It doesn’t add up

BEYOND THE HEADLINES: Things are going to get even tighter in local school districts

Things are going to get even tighter in local school districts.

An edict has come down from the provincial government that the Vernon School District chop $437,000 in non-instructional costs in the 2015/16 school year, rising to $814,000 in 2016/17. In the neighbouring North Okanagan-Shuswap district, there’s a demand for $362,784 in cuts during the upcoming school year.

Premier Christy Clark, a former education minister, has little sympathy for districts.

“There are a lot of places to find administrative savings and we expect them to do that. We’ve done it all across government,” she said on Global Okanagan.

However, it may be helpful to look at some figures.

According to the Vernon School District, it spent $59.4 million of its operating grant on instruction. A further $9.7 million went to district administration, operations and maintenance, and $2.2 million on busing in 2013/14.

So a grand total of $11.9 million was spent outside of the classroom.

“We’re already spending about $0.9 million or nine per cent less on administration, operations and maintenance than our peers. That has kept desperately needed resources in the classroom,” said Joe Rogers, superintendent.

“But we need an efficient administrative system and clean, safe and functioning schools – and that doesn’t come for free.”

And part of the question that needs to be posed to Clark and the government is, what do they consider administration?
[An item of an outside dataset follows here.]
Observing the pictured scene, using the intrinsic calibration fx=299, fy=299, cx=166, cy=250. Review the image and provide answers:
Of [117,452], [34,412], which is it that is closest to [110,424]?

Is it just guys walking around in ties barking out orders or is it the people who answer the phones at schools, push brooms or ensure paper and other supplies are stocked? Try providing efficient services and safe schools to students without those hard-working individuals?

In the Global interview, Clark stated, “There is no reason that two school boards that are sitting right beside each other serving almost the same geographical population would have two payroll departments and two human resources departments.”

That may be fair comment in large urban areas such as the Lower Mainland where districts are cheek-to-jowl, but how will that work in the Interior and the north where vast geography rules the day? Yes some payroll and HR work can be done electronically, but even in the modern era, the one-on-one experience is still the best route when dealing with employees.

It should also be pointed out that at the same time Victoria is demanding cuts, the government is trying to get blood out of a stone.

All districts are being asked to pay more in Medical Service Plan premiums while B.C. Hydro rates continue to climb. If Clark’s government was truly interested in preserving the sanctity of the classroom, it would assist districts with those inflationary costs.

“This (cost of living), combined with the administrative cuts imposed by the province, will mean we’re looking for well over $1 million in cost reductions by 2016/17,” said Adrian Johnson, Vernon’s acting secretary-treasurer.

“That’s equivalent to the cost of the teaching staff in an entire elementary school.”

And so there is the bottom line. Despite guarantees from the government that its strategy won’t directly impact students, districts have no way of avoiding that scenario. A lot of administrative savings can come from shutting down a school.

Residents can provide input on the Vernon district’s budget April 1, but don’t stop there. Contact the constituency offices of MLA Eric Foster (250-503-3600) and Clark (250-768-8426) and let them know your thoughts.